31 May a bowl
“That one? How about one of these?” The Nepalese man picked up an intricate singing bowl pointing to its design.
I held a simple copper bowl. The sides were not smooth, little indents captured the hand-hammered process of a craftsman. The inside had a flat bottom and parts of it were green from age. I felt the weight of our connection. The weight of past, present, and future.
“No thank you. I want this one.”
“This one more expensive.”
“That’s okay. I only want this one.”
I didn’t need to play it to know I wanted it, but the man kindly showed me how. I couldn’t get it at first, it took an angled position and a surprising amount of pressure. I slid the leather part of a wooden stick around the lip.
An alto tone reverberated
into the air and
into my chest.
My heartstrings vibrated, shaking loose built-up dust.
I bought it at the Tuscan Gem Show, the famous rock gathering, showcasing crystals four times the size of a human. I was at the end of a relationship built upon my grief and his desire. Tears and the vulnerability they brought gave this man an opportunity to care for a woman he imagined to be of his dreams.
But my attachment to him, while I did love him, clung to his provisions, not his person, and my grief, the strongest force led me away.

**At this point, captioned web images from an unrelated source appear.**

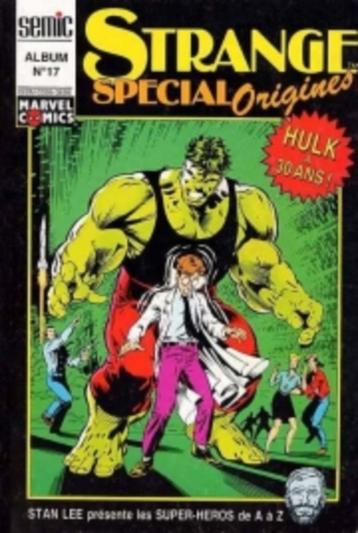 Strange Special Origins #17 Comics Superhelden Semic 1994 beschikbaar voor biedingen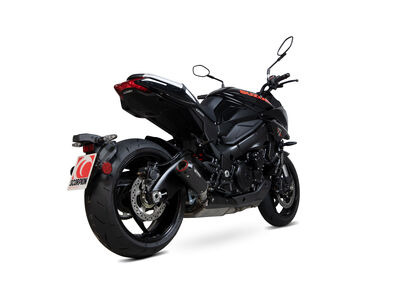 SCORPION EXHAUST Suzuki GSX-S 1000 Katana Red Power Slip-on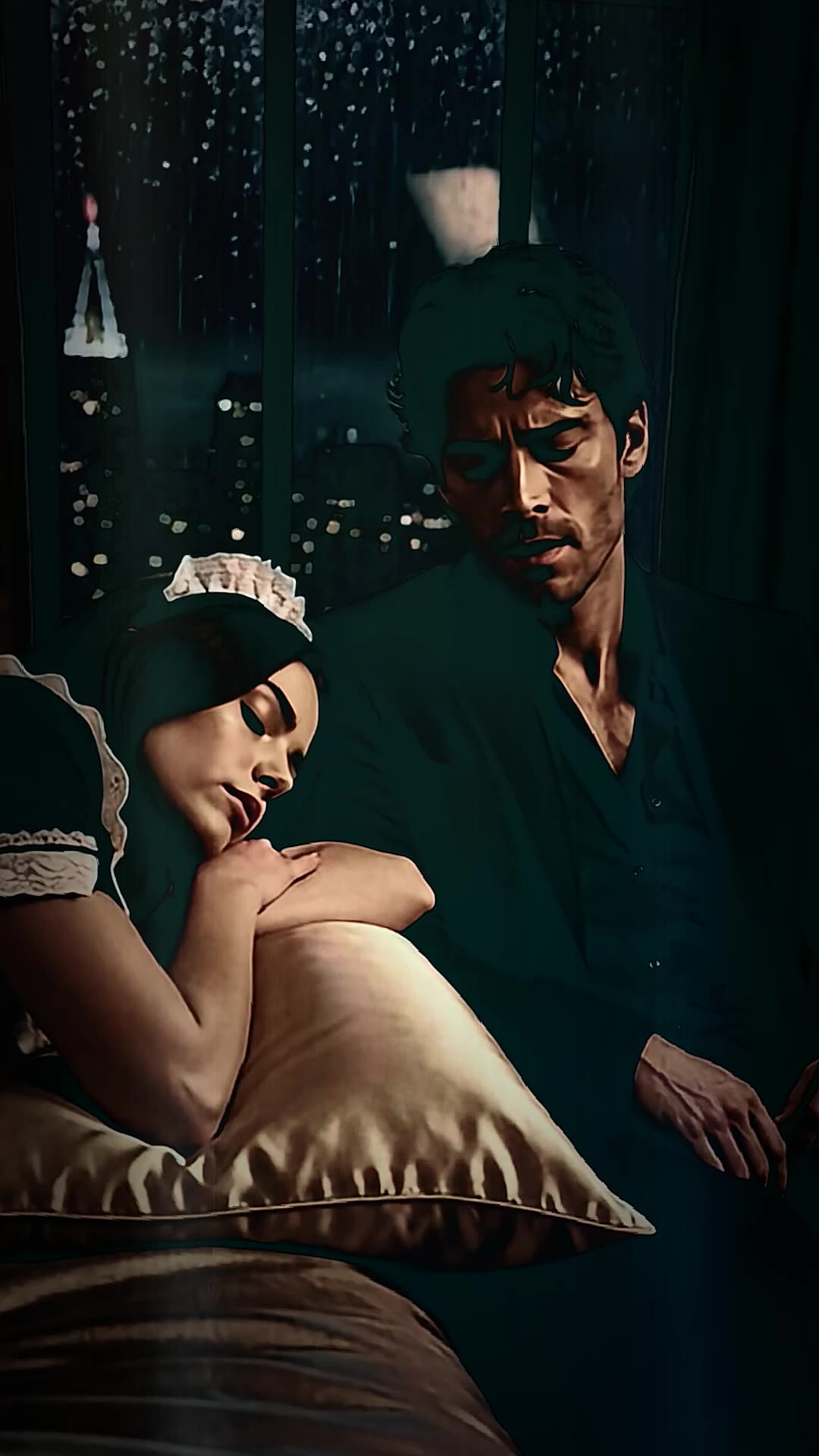The Maid Who Fell Asleep Beside the Mafia King — Then He Discovered Her Secret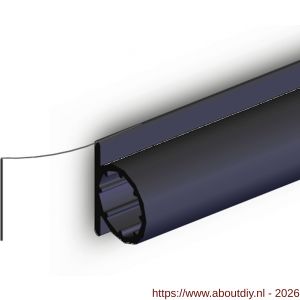 Ellen inbouwprofiel tochtband siliconen zelfklevend Omega 25 m - A51010325 - afbeelding 1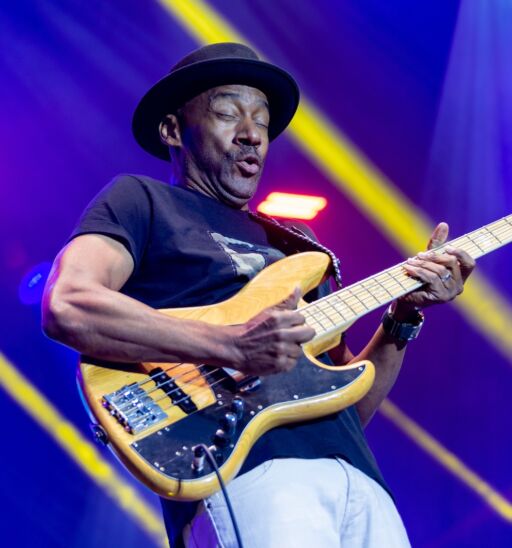 Marcus Miller Jacksonville Jazz Fest May 27, 2023 Downtown Jacksonville Florida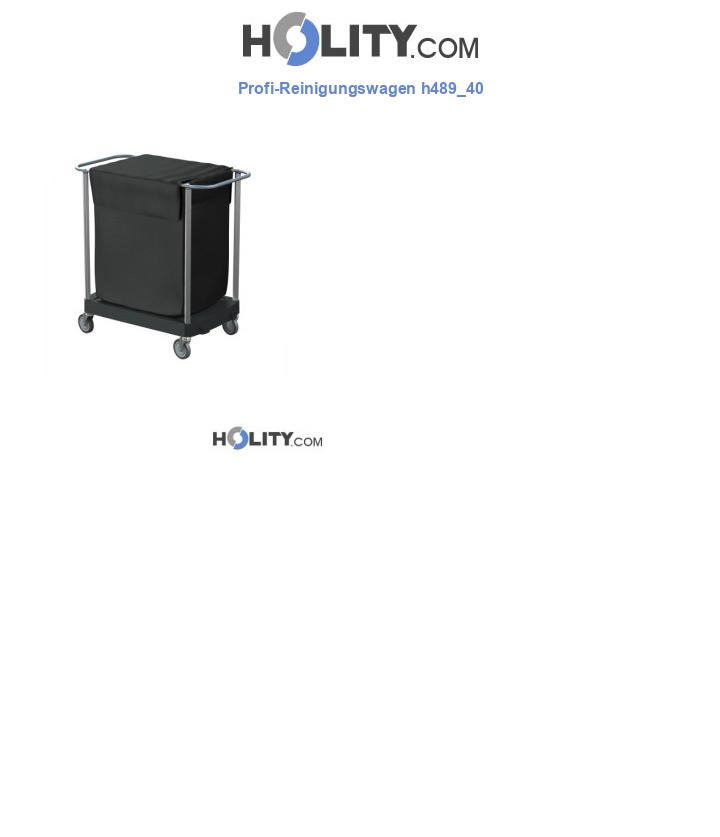Profi-Reinigungswagen h489_40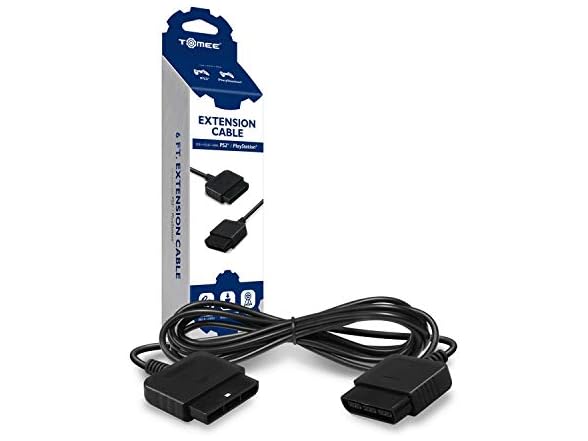 Tomee 6 Ft. Extension Cable for PS2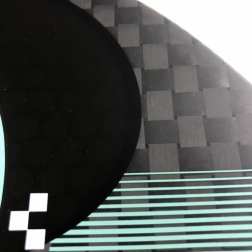 Futures Fins F4 Blackstix Surfboard Fins Small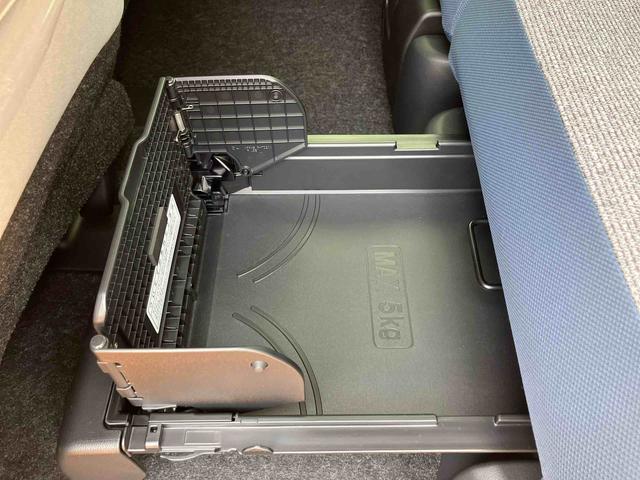 ムーヴキャンバスストライプスＧターボ　届け出済み未使用車保証　新車保証・まごころ保証　１年間・走行距離無制限付き・オーディオレス車・両ドア電動スライドドア・ＬＥＤヘッドライト装備・シートヒーター装備（東京都）の中古車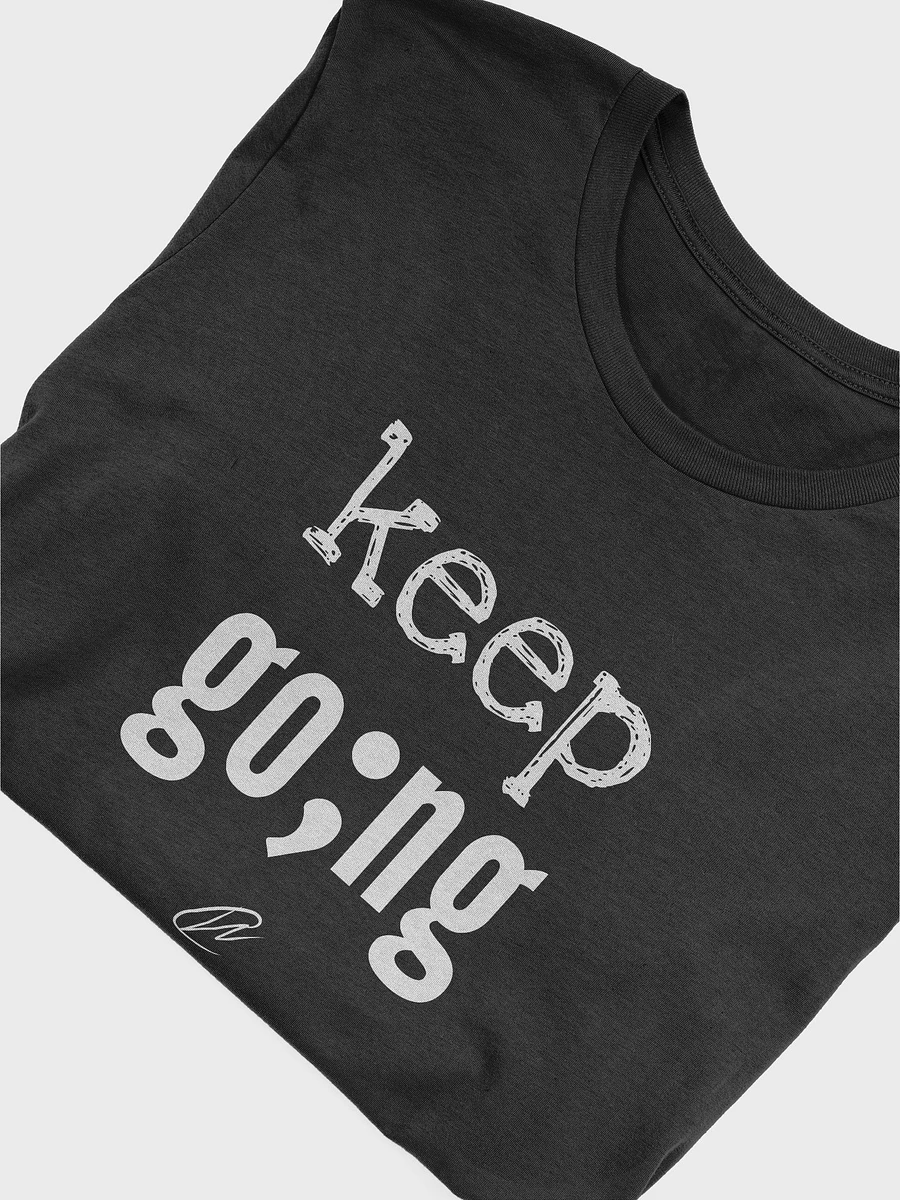 Keep Going - Black TShirt product image (5)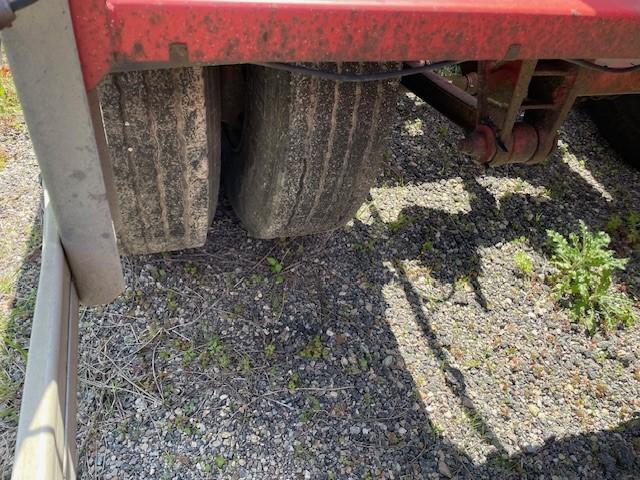 Containertransporter/ Wissellaadbak oplegger Asca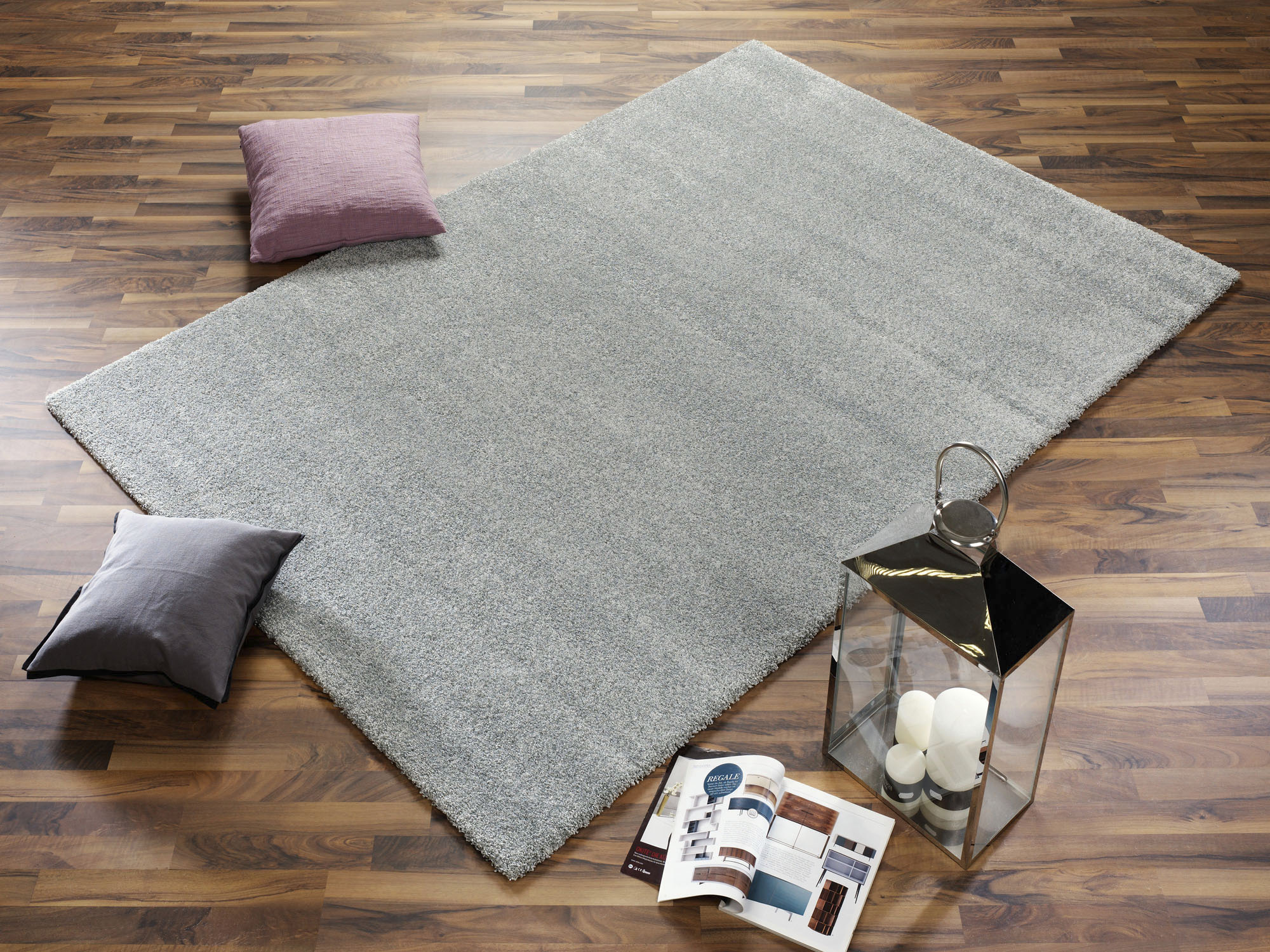 OCI DIE TEPPICHMARKE "BELLEVUE, auch als Läufer und in Rund" rechteckig 20 mm Höhe hochwertiger dichter Hochflor, Shaggy, Langflor, Wohnzimmer
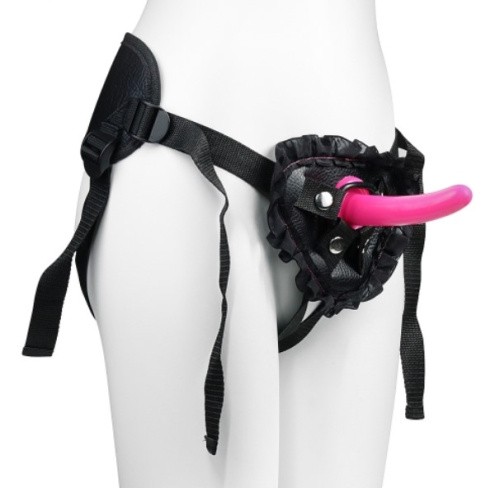 Silicone Holy Dong Small Pink 4.5" - Фаллоимитатор, 12 см (розовый)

The singing bowl and I had a different kind of attachment.
I learned that original singing bowls were hand-hammered by monks, and they collected alms and ate from it. It came with them on all of their excursions. And so it did with me. It shook my ribs on the mountain of Crestone, it journeyed with me to the depths of the darkness, it soothed me in the process of healing.
I play the bowl each day, it brings me into the present moment, the vibration of the note F unifying what is
without
with what is
within.
My heartstrings are no longer dusty. They have made music full of joy and eternal peace.
I thank you, singing bowl, for being that which opened the door and accompanied me into the melody of living.